A Central Pollution Control Board (CPCB) report last year on the life-cycle assessment of plastic packaging products showed the total energy consumed and carbon emissions from plastic packaging products in comparison with alternatives. For example, the carbon dioxide equivalent emissions during the entire life cycle (extraction of raw material, manufacturing, transportation, use and disposal) of one tonne of glass bottles is 9905.6 kg compared to 8034.6 kg for a tonne of PET bottles and 4099.4 kg for a tonne of milk pouches. Similarly, the CO2 emissions from life cycle of a tonne of polypropylene (PP woven) sacks is 3871.2 kg compared to 5865.8 kg for a ton of jute sacks.
“Most alternatives for plastic packaging, including paper and glass, have a higher energy and carbon footprint. The most important aspect of waste management is to reduce and make choices that will last long. For example, instead of using paper or plastic cups, use a durable mug at work.” said Sourabh Manuja, a fellow at the Energy and Resources Institute (TERI).
Another challenge is that the plastic industry has not found an alternative to multilayered plastic (MLP) used mainly in food packaging as wrappers on biscuit or chips pack, for example.
The Plastic Waste Management Rules, 2016, specified that “manufacture and use of non- recyclable multilayered plastic, if any, should be phased out in two years”. But after the industry bodies petitioned the Union environment ministry saying there are no alternatives to MLP, an amendment to the rules was made in 2018, saying only those MLPs are to be phased out which are “non-recyclable, or non-energy recoverable, or with no alternate use.”
Since most MLPs can be used for energy recovery, the amendment pretty much exempted all MLPs from being phased out.
The environment ministry, in its advisory issued to states on phasing out of single-use plastics (WHEN), also said that MLPs used for perishable items will not be prohibited because there are no replacement technologies available.
According to a TERI and environment ministry fact sheet released last year, around 43% of manufactured plastics are used for packaging purpose and most are of single-use.
The CPCB has estimated that each person in India consumes about 9.7 kg of plastics annually, most of which is packaging related. A relatively new addition to the burden of plastic waste is packaging from e-commerce.
According to an analysis by Pricewaterhouse Coopers, the current e-commerce market of $35 billion in India is expected to grow at a 25% compound annual growth rate over the next five years. Some e-commerce companies are already assessing cleaner alternatives to packaging.
Amazon India, for example, announced last month that it will eliminate single-use plastic from its packaging by June 2020. It will introduce paper cushions, which will replace air pillows and bubble wraps.

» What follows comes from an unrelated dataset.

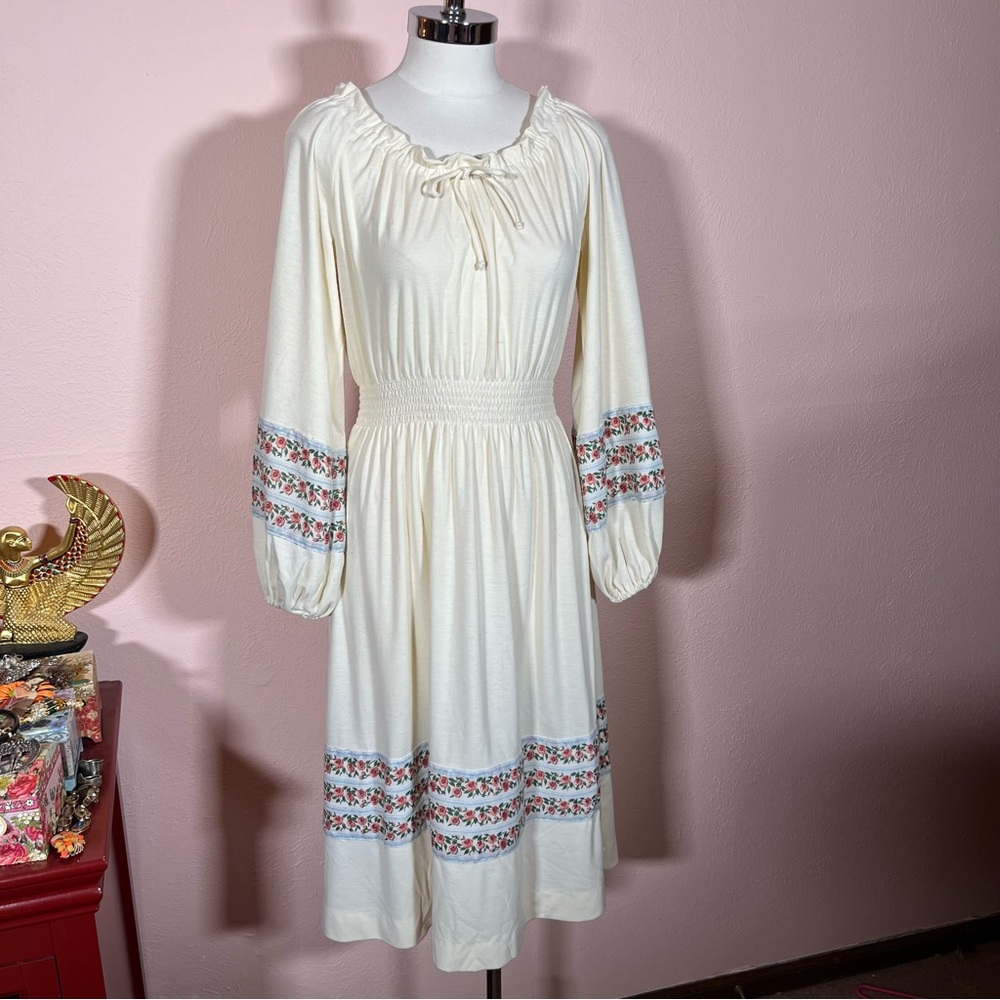 Vintage 1970 Bohemian Prairie Yves Jennet Cream Rose floral Cottagecore Dress M - Picture 3 of 17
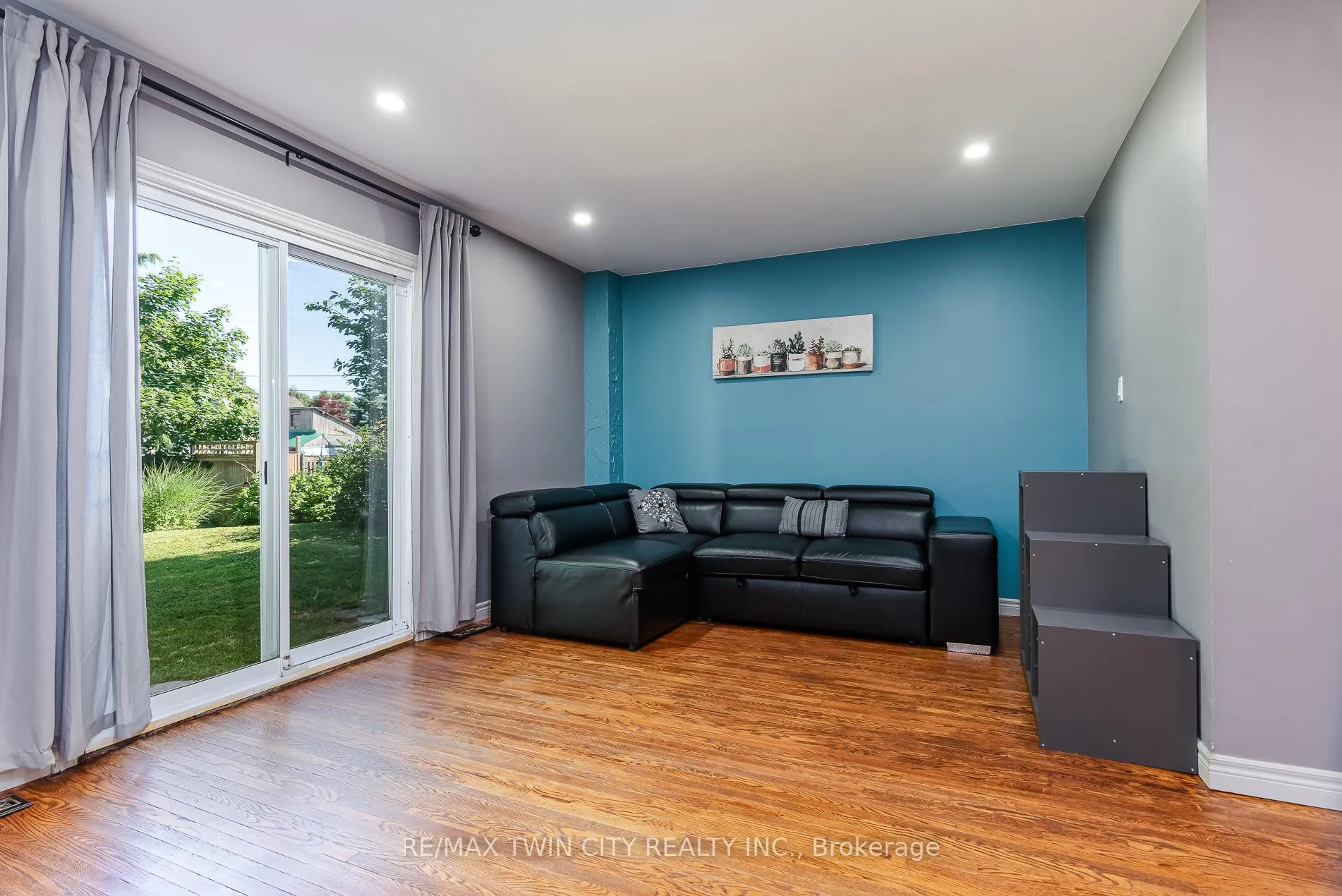 Photo 24 of 162 Parkside Drive E, Centre Wellington, Fergus — HOMEH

Flipkart announced earlier this month that it plans to use 100% recycled plastic in its own supply chain by March 2021. It plans to introduce paper shreds, replace poly pouches with recycled paper bags, bubble wraps and air bags with carton waste shredded material.
Bioplastics are also being considered as an alternative to some packaging. Biodegradable plastic which utilises starch, cellulose, polylactic acid as raw materials can be used for short term use products.
“Bags made of bio-plastics can cost 2.5 times more than regular plastic. Demand for these are less because of the high cost. There needs to be much more research and development in this sector. Also, bioplastics are not water-resistant,” said Manuja.
“Plastics came as a remedy for the inadequacies of other packaging material which was being used. For example, glass is an energy guzzler and heavy. Paper has a huge eco footprint because of water consumption, usage of chemicals and tree felling involved. We cannot avoid PET or plastic. Even the paper cups we use are lined with polythene to make them water resistant. Plastic has a lot of virtues,” said Vijay Habbu, adjunct professor at the Institute of Chemical Technology, Mumbai.
Habbu added that the development of alternative material will not happen in a few years. “Instead the government should ensure behaviour change among citizens, better disposal and collection by local governments and the industry. Only those that are already a nuisance like carry bags, straws, cutlery made of flimsy plastic can be phased out. The government should come out with a clear policy. A feature of plastics, PET is their importance during natural calamities. Water is the most critical need delivered in PET bottles.”